The Medical Council is currently “reviewing” its procedures in relation to undertakings it accepts from doctors, following concerns raised by the High Court President.
In November, Mr Justice Peter Kelly expressed alarm that a mental health service employed a doctor without being aware the doctor had undertaken to the Council’s health committee not to practice medicine due to concerns about his practice.
However, Justice Kelly warned there was no way of employers finding out about this undertaking.
The High Court President directed the Council to inform the court what measures it planned to take to rectify this situation.
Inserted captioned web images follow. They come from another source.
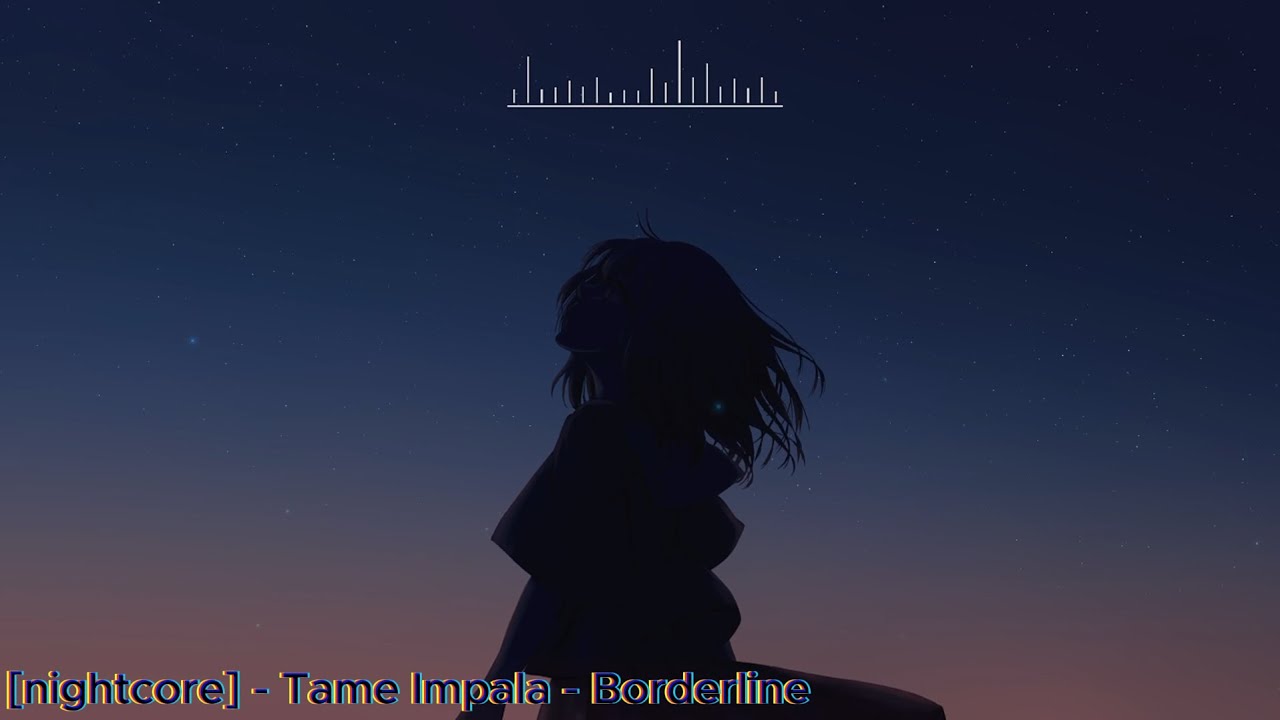 [nightcore] - Tame Impala - Borderline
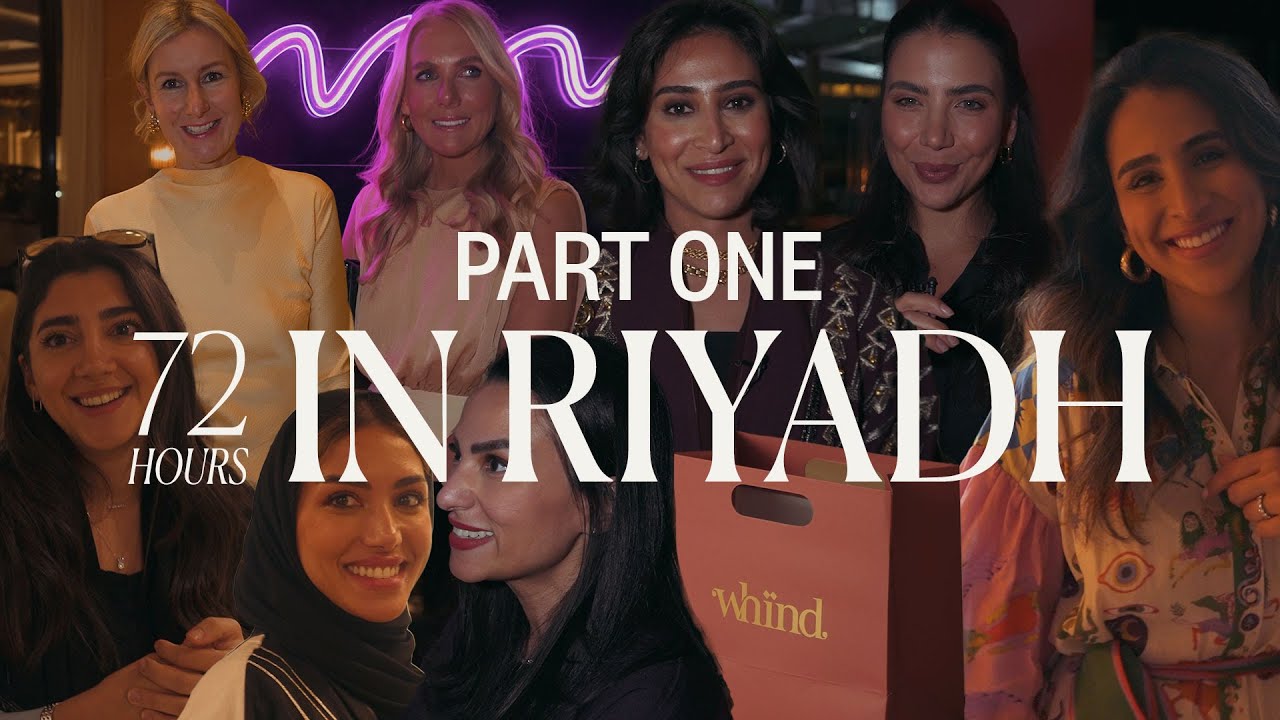 72 Hours In Riyadh: Part One | SheerLuxe Middle East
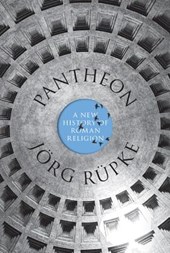 Pantheon : a new history of roman religion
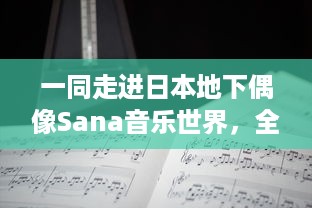 一同走进日本地下偶像Sana音乐世界，全集歌曲附带歌词解析，原版未增删 v8.1.2下载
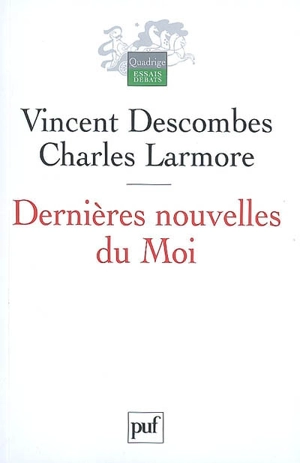 Dernières nouvelles du moi - Vincent Descombes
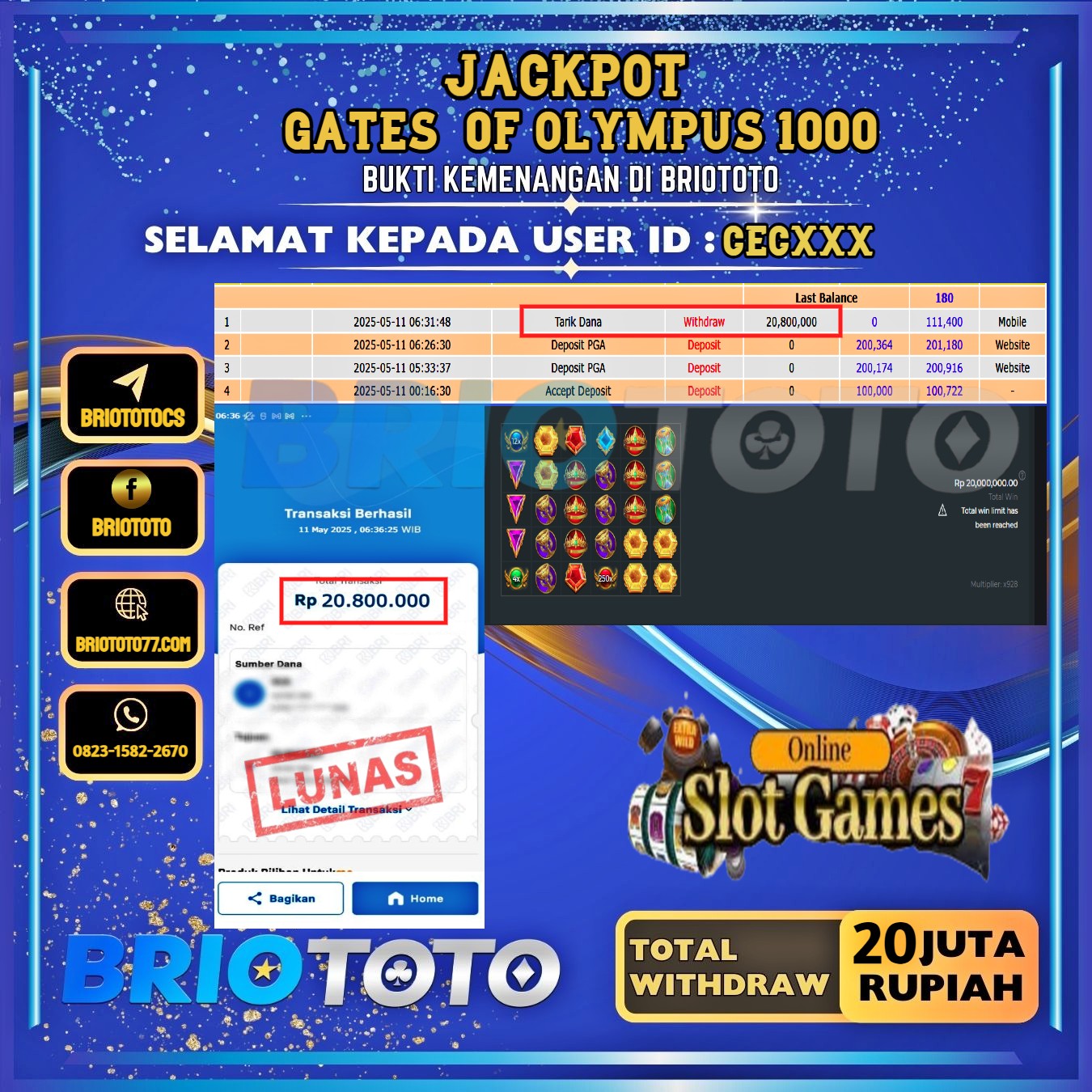 BRIOTOTO JACKPOT SLOT GATES OF OLYMPUS 1000 RP.20.000.000,- LUNAS USER ID : CEC****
A Council spokesperson told the Medical Independent it is reviewing its procedures and processes and is due back before the High Court President in the near future “when an update will be provided”.
Under section 60 of the Medical Practitioners Act 2007, the Council may apply to the High Court for immediate suspension of a doctor’s registration if deemed necessary to protect the public. In some cases, however, it instead accepts undertakings from the doctors.
The Council’s annual report for 2018 stated that 18 matters (involving 16 doctors) were considered under section 60, nine applications were made to the High Court, and seven undertakings accepted.
Under section 67 of the Act the fitness to practise committee can, at any stage from receipt of a complaint, request the doctor to agree to certain undertakings or resolutions, such as remedial action and consenting to medical treatment.
According to a Council guidance document, where there is a necessity to protect the public, the High Court should determine whether to suspend or restrict a practitioner, which does not preclude the doctor from offering undertakings to the court.
“A breach of an undertaking of the High Court is a very serious matter and the High Court can take immediate steps to enforce the order and make any necessary further orders to protect the public,” according to the document.
“On the other hand, a breach of an undertaking to the Council cannot be enforced by the Council.”
The guidance document also underlines that the regulator cannot direct notification of undertakings given to the Council to any relevant bodies or authorities, other than to the other competent authorities in Europe, without the doctor’s agreement.
Separately, a governance meeting between the Medical Council and Department of Health in December heard that the regulator “is aiming to build capacity and competency” in the legal area in order to reduce costs.
“National HR welcomes this approach and suggested a detailed business case from the Council to include how it links in with other areas of the Council and the potential savings should be submitted to the Department for consideration. The Council should be in a position to submit a business case in January,” according to meeting minutes.